Create the DataFrame and recall the schema

In [None]:
# Sample data
data = [
    {"order_id": 5642, "order_date": datetime.strptime("2024-05-18", "%Y-%m-%d").date(),
    "items": [
        {"name": "Apple", "amount": 1.0, "unit_price": 2.99},
        {"name": "Banana", "amount": 1.7, "unit_price": 1.99}],
    'items_discount': ['Apple']},
    {"order_id": 9762, "order_date": datetime.strptime("2024-05-02", "%Y-%m-%d").date(),
    "items": [
        {"name": "Strawberry", "amount": 0.5, "unit_price": 6.99},
        {"name": "Apple", "amount": 3.0, "unit_price": 2.99},
        {"name": "Peach", "amount": 2.5, "unit_price": 3.39}],
    'items_discount': ['Apple', 'Peach']},
    {"order_id": 3652, "order_date": datetime.strptime("2024-05-23", "%Y-%m-%d").date(),
    "items": [
        {"name": "Banana", "amount": 1.5, "unit_price": 1.99}],
    'items_discount': []},
    {"order_id": 1276, "order_date": datetime.strptime("2024-05-10", "%Y-%m-%d").date(),
    "items": [
        {"name": "Apple", "amount": 2.0, "unit_price": 2.99},
        {"name": "Banana", "amount": 0.5, "unit_price": 1.99},
        {"name": "Strawberry", "amount": 1.0, "unit_price": 6.99},
        {"name": "Strawberry", "amount": 1.0, "unit_price": 6.99},
        {"name": "Peach", "amount": 1.0, "unit_price": 3.39}],
    'items_discount': ['Peach', 'Banana']},
    {"order_id": 8763, "order_date": datetime.strptime("2024-05-14", "%Y-%m-%d").date(),
    "items": [
        {"name": "Strawberry", "amount": 1.0, "unit_price": 6.99},
        {"name": "Peach", "amount": 1.0, "unit_price": 3.39},
        {"name": "Mango", "amount": 1.5, "unit_price": 5.99}],
    'items_discount': ['Mango']},
    {"order_id": 7652, "order_date": datetime.strptime("2024-05-22", "%Y-%m-%d").date(),
    "items": [
        {"name": "Banana", "amount": 1.0, "unit_price": 1.99},
        {"name": "Mango", "amount": 1.5, "unit_price": 5.99}],
    'items_discount': ['Mango', 'Banana']},
    {"order_id": 7631, "order_date": datetime.strptime("2024-05-22", "%Y-%m-%d").date(),
    "items": [
        {"name": "Banana", "amount": 1.0, "unit_price": 1.99},
        {"name": "Banana", "amount": 2.5, "unit_price": 1.99},],
    'items_discount': []}
]

# Define the schema
schema = StructType([
    StructField('order_id', IntegerType(), False),
    StructField('order_date', DateType(), False),
    StructField(
        'items',
        ArrayType(
            StructType([
                StructField('name', StringType(), False),
                StructField('amount', FloatType(), False),
                StructField('unit_price', FloatType(), False)
            ]),
            False
        ),
        False
    ),
    StructField("items_discount", ArrayType(StringType()), True)
])


# Create DataFrame
df_fruitshop = spark.createDataFrame(data, schema=schema)

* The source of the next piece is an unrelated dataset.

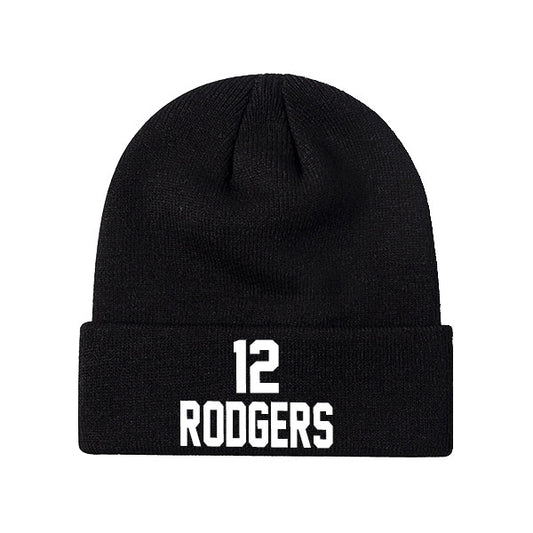 Green Bay Rodgers 12 Knit Hat Black/Green/White Style08092373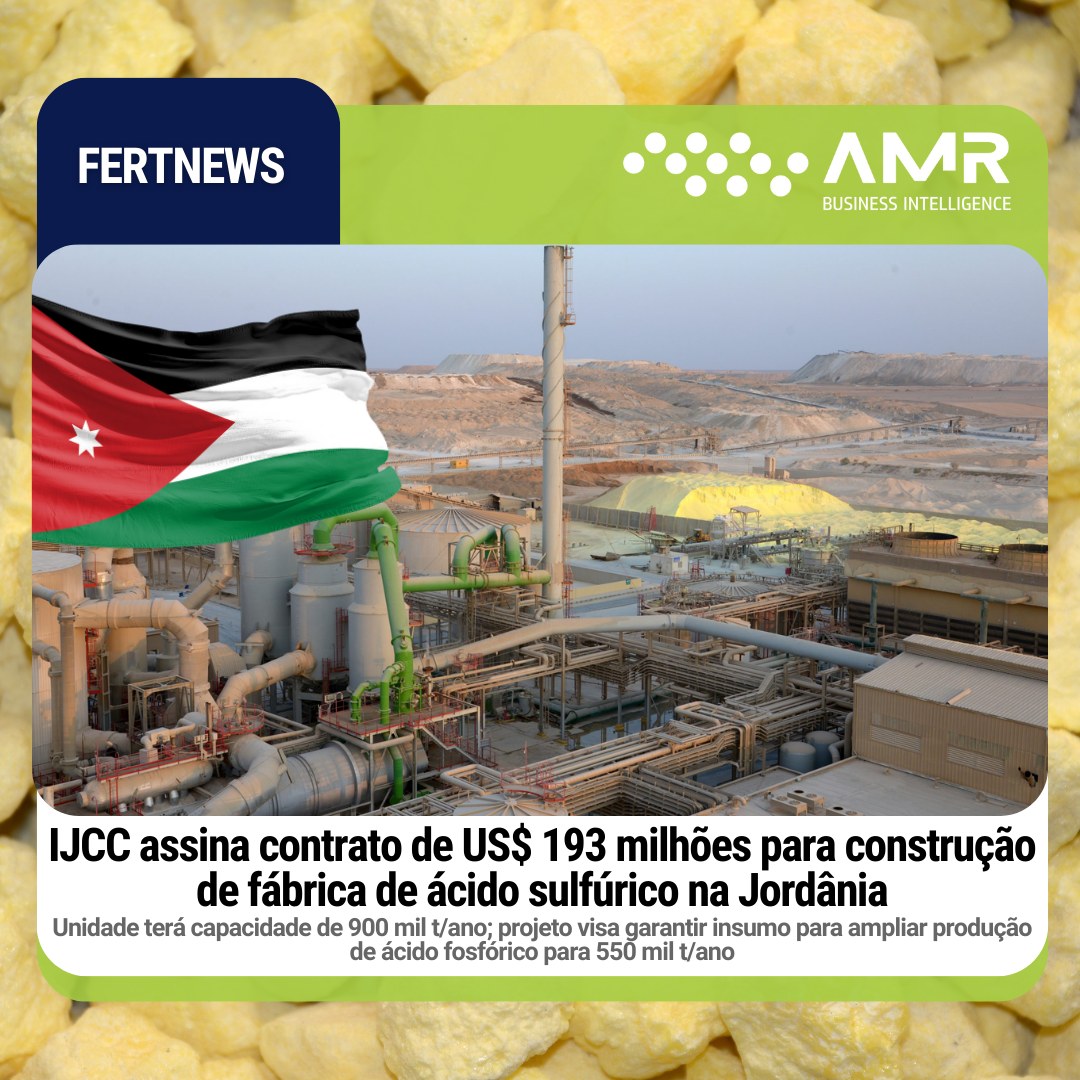 Capa da postagem IJCC assina contrato de US$ 193 milhões para construção de fábrica de ácido sulfúrico na Jordânia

df_fruitshop.printSchema()

Answer the following questions. Good luck!

1. What is the average number of different items sold per order?

In [None]:
(
    df_fruitshop
    .withColumn(
        'unique_item_names',
        f.array_distinct(f.transform(f.col('items'), lambda x: x['name']))
    )
    .withColumn("num_items", f.size("unique_item_names"))
    .select(
        f.avg("num_items").alias("average_items_per_order")
    )
).display()

2. For each fruit, what is the total amount sold among all orders?

***Hint:*** Start by transforming the data into a more usable format.

In [None]:
(
    df_fruitshop
    .select(f.inline('items'))
    .groupBy('name')
    .agg(f.sum('amount').alias('total_amount'))
).display()

3. What was the total amount of `Peach` that was sold among all orders where `Peach` was at discount?

In [None]:
(
    df_fruitshop
    # Explode items to get one row per item
    .select(
        'order_id',
        'items_discount',
        f.explode(f.col('items')).alias('item')
    )
    # Filter for Peach items with discount
    .filter(
        (f.col('item.name') == 'Peach')
        & (f.array_contains(f.col('items_discount'), 'Peach'))
    )
    .select(
        f.sum('item.amount').alias('total_amount')
    )
).display()

4. What is the price of the most expensive item in each order?

In [None]:
(
    df_fruitshop
    # Get item prices in a seperate array
    .withColumn(
        'items_price',
        f.transform(f.col('items'), lambda x: x['unit_price'])
    )
    # Get the maximum value in the prices array
    .withColumn(
        'max_price',
        f.array_max(f.col('items_price'))
    )
).display()

5. What is the name of the most expensive item in each order?

***Hint:*** Use a window function or a groupBy to solve this question.

In [None]:
# Solution with window function
window = Window.partitionBy('order_id')

(
    df_fruitshop
    .select('order_id', f.inline('items'))
    .withColumn(
        'max_price',
        f.max(f.col('unit_price')).over(window)
    )
    .filter(f.col('unit_price') == f.col('max_price'))
    .dropDuplicates()
    .select(
        'order_id',
        'name'
    )
).display()

In [None]:
(
    df_fruitshop
    .select('order_id', f.inline('items'))
    .orderBy('order_id', f.desc('unit_price'))
    .groupBy('order_id')
    .agg(f.first('name').alias('name'))
).display()

Solution without `inline` or `explode`

**NOTE:** This code is only supported in spark versions >= 3.4.0. Make sure you initialize a cluster with runtime 13.3 LTS or above. You can do this in 'Create new resource' and then select the desired runtime

In [None]:
(
    df_fruitshop
    .withColumn(
        'sorted_items',
        # The array_sorte receives a columns and a function that compares
        # two elements in an array at a time. This comparison function should
        # return -1 if the first is smaller than the second and 1 the other way around
        f.array_sort(
            'items',
            lambda x, y: f.when(x.getField('unit_price') < y.getField('unit_price'), 1).otherwise(-1)
        )
    )
    .select(
        'order_id',
        # The new column 'sorted_items' is a Struct. We can extract elements
        # from a struct using the getField method
        f.element_at('sorted_items', 1).getField('name').alias('name'),
        f.element_at('sorted_items', 1).getField('unit_price').alias('max_price')
    )
).display()